LCRL: Certified Policy Synthesis via Logically-Constrained Reinforcement
Learning
- URL: http://arxiv.org/abs/2209.10341v1
- Date: Wed, 21 Sep 2022 13:21:00 GMT
- Title: LCRL: Certified Policy Synthesis via Logically-Constrained Reinforcement
Learning
- Authors: Hosein Hasanbeig and Daniel Kroening and Alessandro Abate
- Abstract summary: LCRL implements model-free Reinforcement Learning (RL) algorithms over unknown Decision Processes (MDPs)

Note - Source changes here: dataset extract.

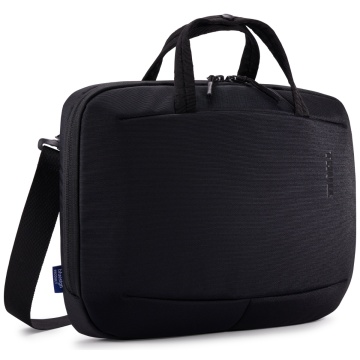 Geanta laptop Thule Subterra 2 de14", Negru - Img 2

We present case studies to demonstrate the applicability, ease of use, scalability, and performance of LCRL.
- Score: 78.2286146954051
- License: http://arxiv.org/licenses/nonexclusive-distrib/1.0/
- Abstract: LCRL is a software tool that implements model-free Reinforcement Learning
(RL) algorithms over unknown Markov Decision Processes (MDPs), synthesising
policies that satisfy a given linear temporal specification with maximal
probability. LCRL leverages partially deterministic finite-state machines known
as Limit Deterministic Buchi Automata (LDBA) to express a given linear temporal
specification. A reward function for the RL algorithm is shaped on-the-fly,
based on the structure of the LDBA. Theoretical guarantees under proper
assumptions ensure the convergence of the RL algorithm to an optimal policy
that maximises the satisfaction probability. We present case studies to
demonstrate the applicability, ease of use, scalability, and performance of
LCRL. Owing to the LDBA-guided exploration and LCRL model-free architecture, we
observe robust performance, which also scales well when compared to standard RL
approaches (whenever applicable to LTL specifications). Full instructions on
how to execute all the case studies in this paper are provided on a GitHub page
that accompanies the LCRL distribution www.github.com/grockious/lcrl.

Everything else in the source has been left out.